==== DATA RECORDS ====
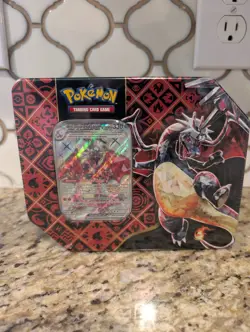 Pokemon TCG Sealed Charizard Paldean Fates Tin - Image 1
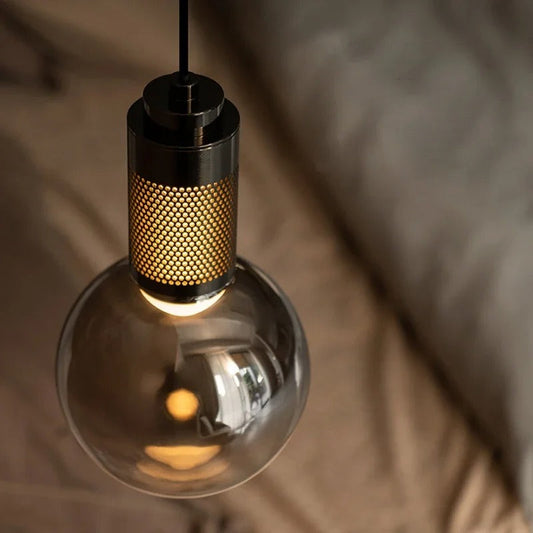 Étienne glass wall lamp angled view showing the bracket arm projection and globe shade relationship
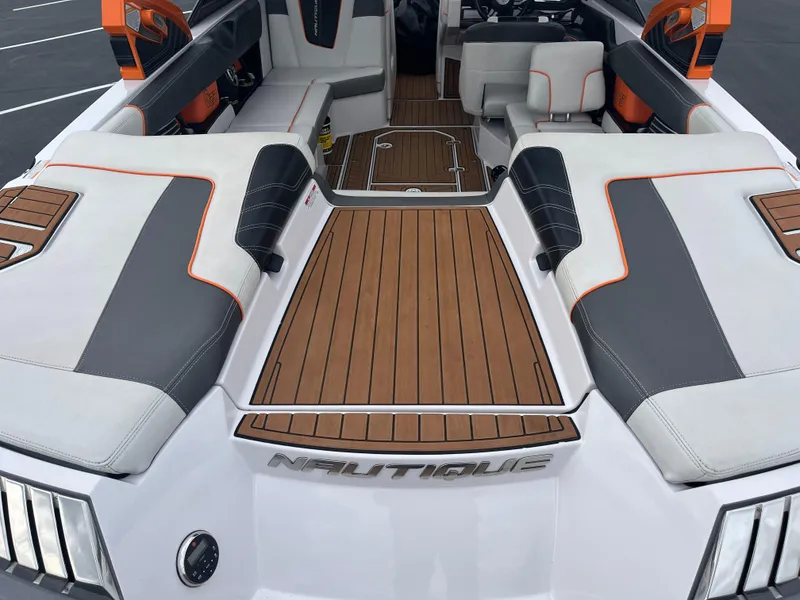 Slide: The Image of 2013 Nautique G23 boat interior with teak flooring and cushioned seating. - 13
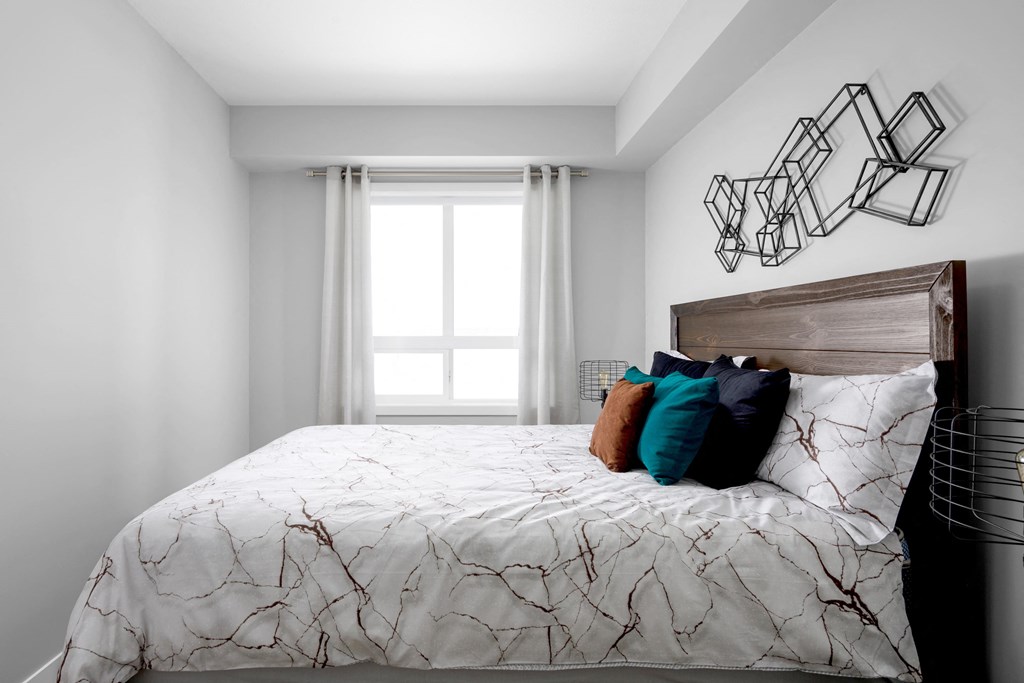 a bedroom with a bed and a window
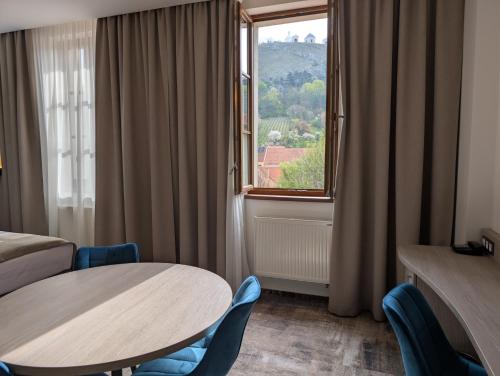 Hotel Galant Mikulov - Tap to explore photos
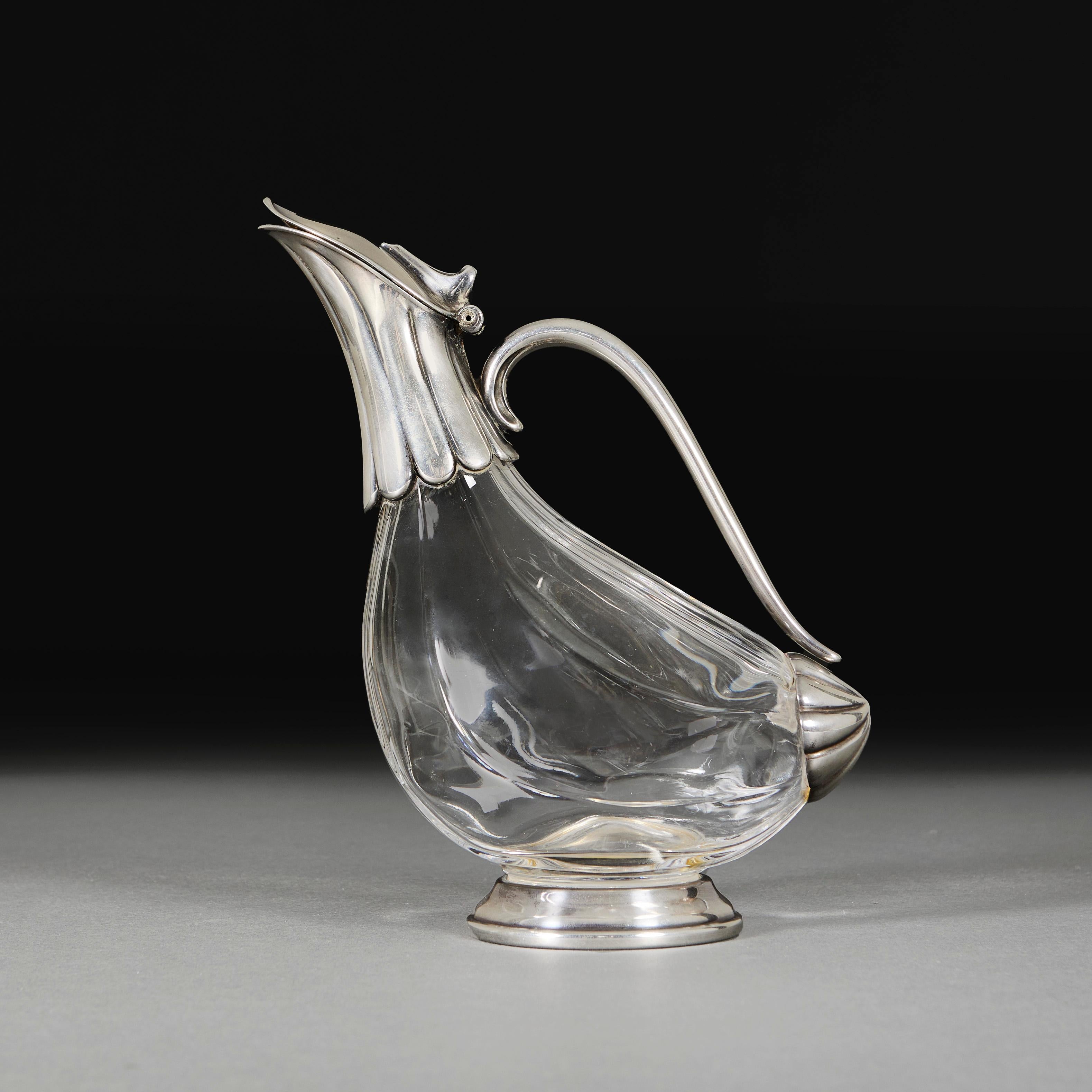 England, circa 1910

An Edwardian glass and silver decanter of zoomorphic form, imitating a duck, standing on a circular plinth base.

Height     25.00cm

Width      20.00cm

Depth      9.00cm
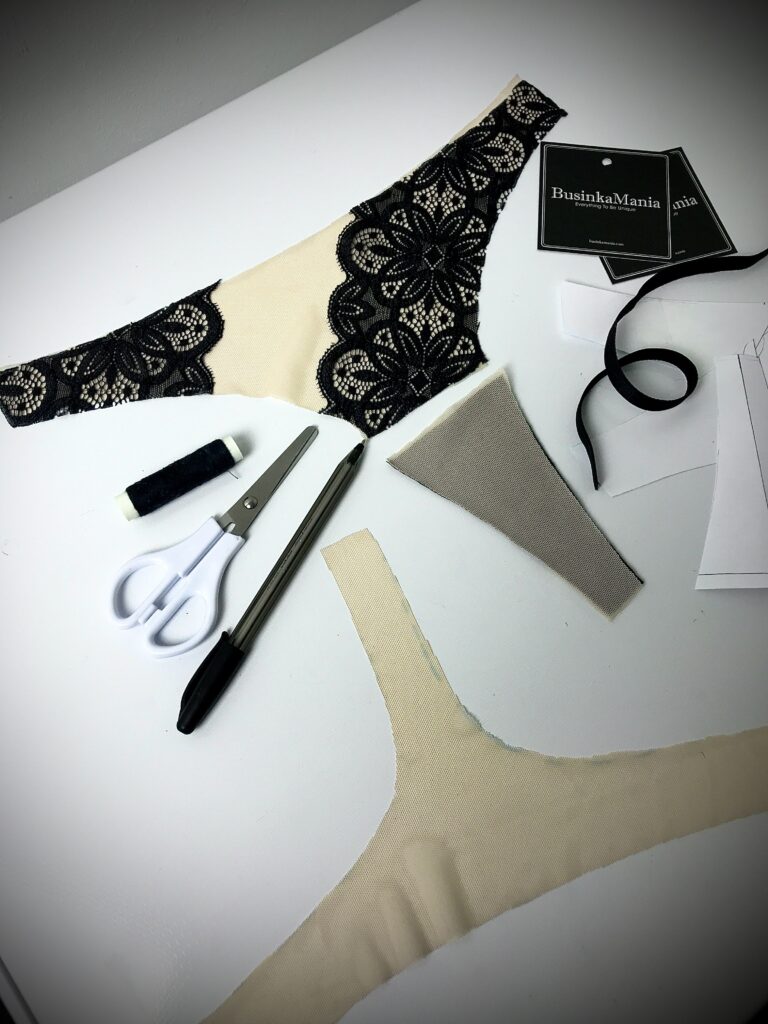 Lingerie sewing project with lace fabric, gusset piece, scissors, and thread showing panty construction process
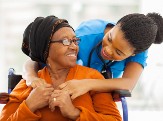 A nurse with here arms around an elderly woman sitting in a wheel chair. Their faces are looking toward each other and they are smiling.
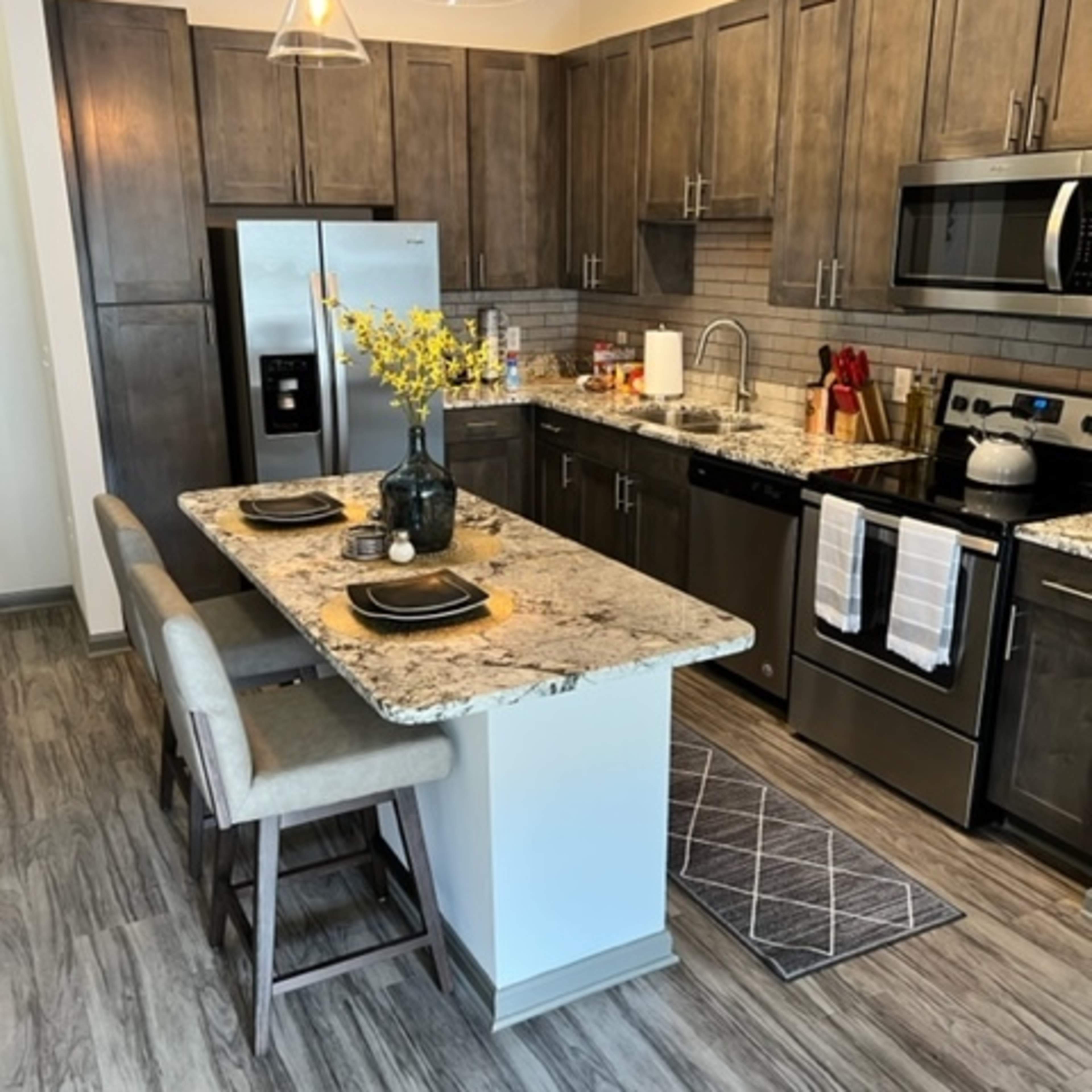 A modern kitchen with wooden cabinets, stainless steel appliances, a granite countertop, and a small island with seating.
====
** ASSIGNED TASK **
A verbatim copy of all the records, minus the pictures, is the expected answer.

** COMPLETED TASK **
 Pokemon TCG Sealed Charizard Paldean Fates Tin - Image 1
 Étienne glass wall lamp angled view showing the bracket arm projection and globe shade relationship
 Slide: The Image of 2013 Nautique G23 boat interior with teak flooring and cushioned seating. - 13
 a bedroom with a bed and a window
 Hotel Galant Mikulov - Tap to explore photos
 England, circa 1910

An Edwardian glass and silver decanter of zoomorphic form, imitating a duck, standing on a circular plinth base.

Height     25.00cm

Width      20.00cm

Depth      9.00cm
 Lingerie sewing project with lace fabric, gusset piece, scissors, and thread showing panty construction process
 A nurse with here arms around an elderly woman sitting in a wheel chair. Their faces are looking toward each other and they are smiling.
 A modern kitchen with wooden cabinets, stainless steel appliances, a granite countertop, and a small island with seating.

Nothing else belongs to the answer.